Hanna explained that few of the plants and animals on Petra could be eaten by human beings or the animals they had brought with them.

‘The musculature of biochines is based on various polymers. Plastics. As for other animals, and plants too, they are mostly inedible or poisonous. You would not expect otherwise. They were brought here by Elder Cultures from their homeworlds. It is not a true integrated ecology, but patchworks of competing clades. In the early days, people had to sterilise the soil with chemical treatments or by steam injection before any crops would grow.’

‘Maybe we should order a couple of dozen cheeseburgers to go,’ Henry said. ‘They never go off. Leave one on a shelf for a year, it’s still edible.’

Fahad was quiet, hunched in his brand-new blue Helly Hansen parka. He hadn’t once complained during the long march of their supply run, but he’d lost the shine of his enthusiasm, and had given up on his Chicken McNuggets and strawberry milkshake. Now he pushed back from the table and excused himself.

‘Kid is getting nervous,’ Henry said, watching Fahad thread his way past tables and booths to the toilets.

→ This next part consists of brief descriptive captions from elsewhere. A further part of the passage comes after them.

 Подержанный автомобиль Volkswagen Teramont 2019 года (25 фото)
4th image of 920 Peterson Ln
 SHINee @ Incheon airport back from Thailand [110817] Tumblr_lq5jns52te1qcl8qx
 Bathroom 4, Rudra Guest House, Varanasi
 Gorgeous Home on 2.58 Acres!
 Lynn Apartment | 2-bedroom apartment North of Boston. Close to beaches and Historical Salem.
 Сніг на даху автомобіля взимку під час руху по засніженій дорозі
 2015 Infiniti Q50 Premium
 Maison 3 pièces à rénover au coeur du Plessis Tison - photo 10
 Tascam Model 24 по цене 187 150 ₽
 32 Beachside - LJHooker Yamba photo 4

‘So am I,’ Chloe said. ‘This is a giant step into the unknown.’

‘It’s mostly desert,’ Henry said. ‘I know deserts.’

‘Do not make the mistake of thinking this is like Earth,’ Hanna said.

‘Yet here we are in a McDonald’s.’

Henry was definitely happier than Chloe had ever seen him. Henry Harris, man of action.

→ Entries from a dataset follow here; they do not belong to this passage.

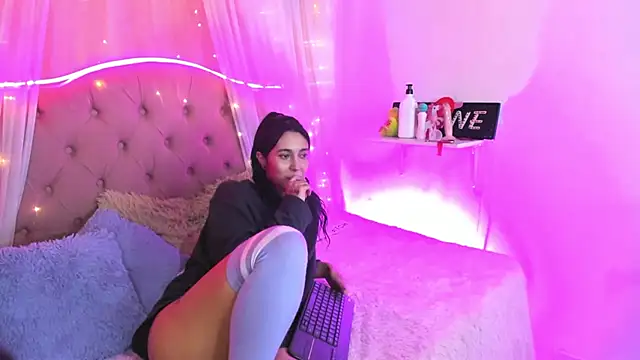 Snapshot of _Mia__9 chatting on 22, 2, 2025 Mia 9 online show from 22, 2, 2025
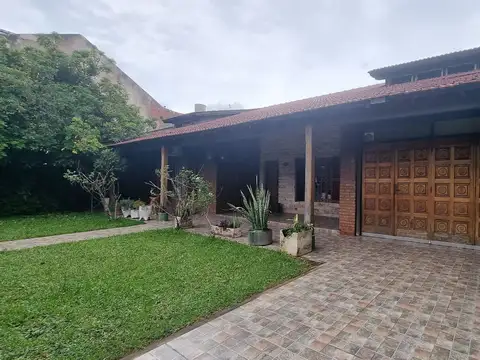 Casa en Alquiler con 2 cocheras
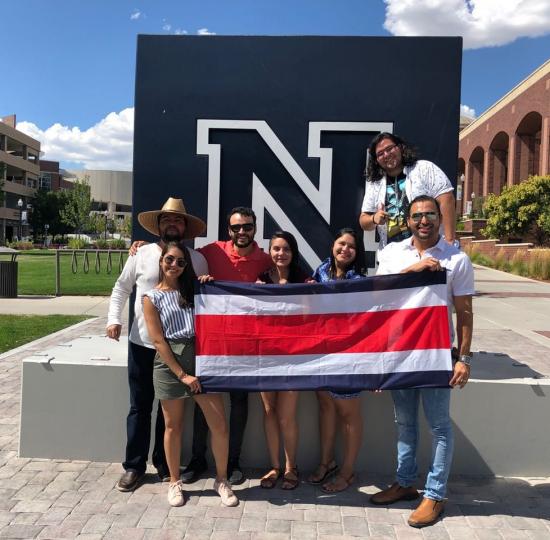 Estudiantes mejoran su inglés gracias a beca otorgada por USAC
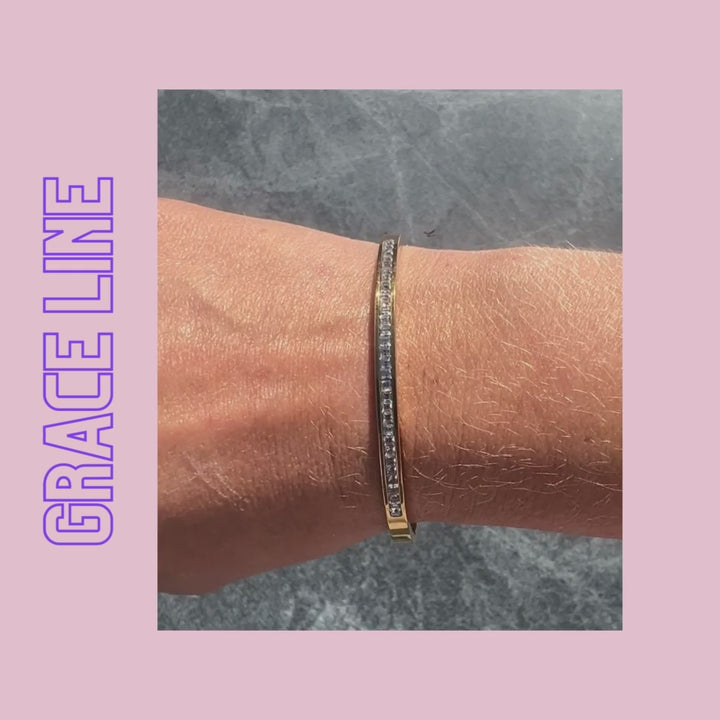 Produktvideo von Grace Line Armreif vergoldet mit klaren Zirkonia – elegantes Schmuckstück von TREND Kollektiv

He said, ‘This isn’t a full-blown expedition. It’s a quick raid, in and out before the storm hits. So we don’t need to take much in the way of supplies. And this place is on a river, so we won’t lack for water. If the worst comes to the worst, aren’t there farms out there? Farms, orchards…We can buy food, scrump apples.’

‘We will be a long way from any farm,’ Hanna said.

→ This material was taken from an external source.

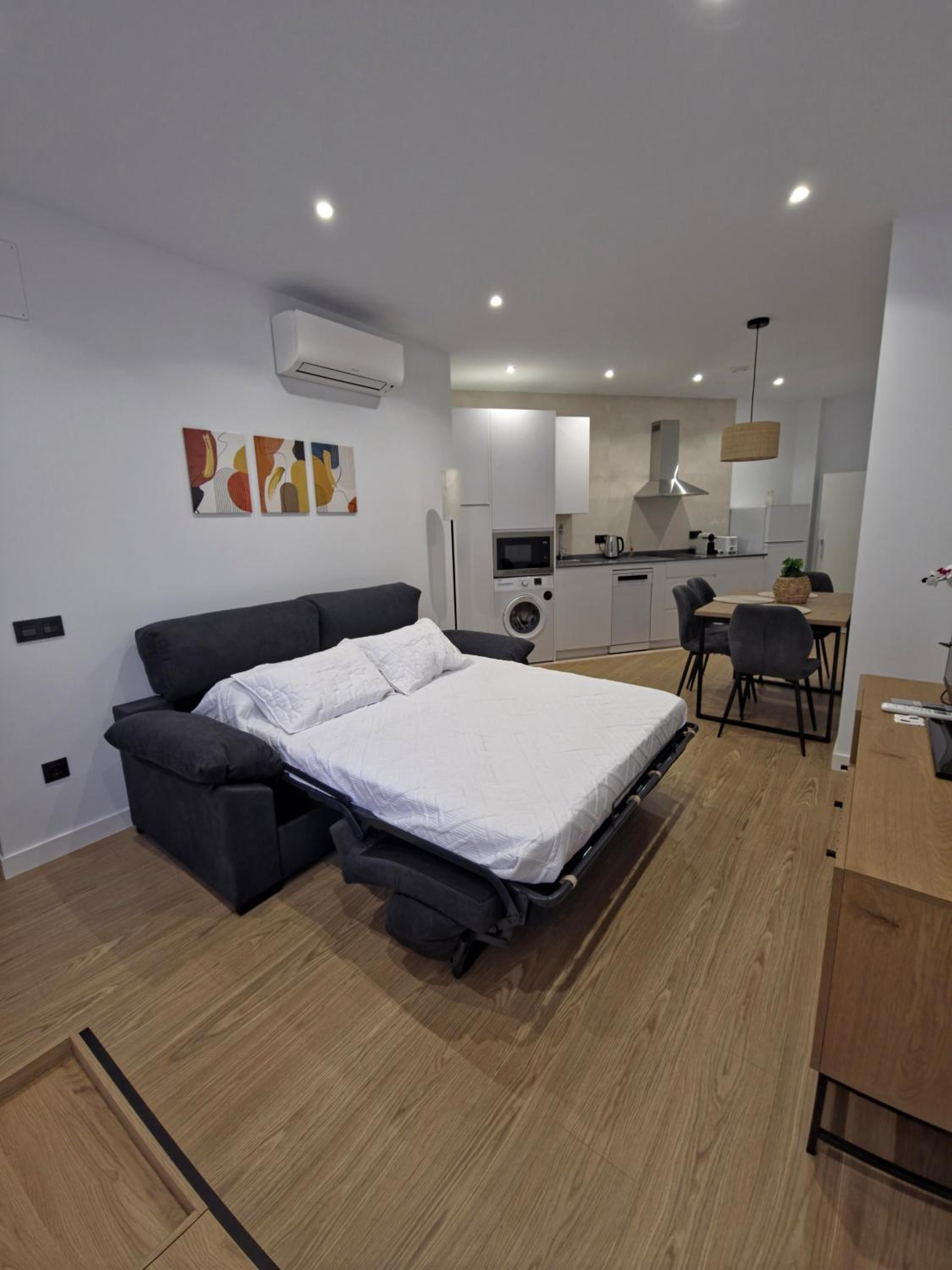 Apartamentos Picasso by gaiarooms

They pulled up the maps again, reviewed the route they would take to Idunn’s Valley and the settlement closest to the site, the winding path of the river. After a few minutes, Chloe said, ‘Where’s Fahad?’

He wasn’t in the toilets. He wasn’t anywhere in the busy restaurant. He wasn’t in Hanna’s Outback, wasn’t anywhere in the car park.

‘Split up,’ Henry said, all business. ‘You go left, Chloe, I’ll go right. You,’ he told Hanna, ‘stay by your vehicle. Don’t fucking move.’

‘This is my fault? You blame me, who helps you without thanks? Who works hard out here, on her own, for so many years?’

But Henry was already jogging away.

Chloe went in the opposite direction, walking along the road in the traffic’s buffeting slipstream. There was no pavement, so she kept to the shoulder, treading amongst patches of grey furze, black spikes like spearheads pushing up from red dirt. Passing the edge of the car park of a giant Ikea shed.

She felt an airy apprehension, felt as if this strange world had revealed itself to be tissue-thin. She was pretty sure that she knew where Fahad was headed, what he’d been planning all along, and hoped she was wrong.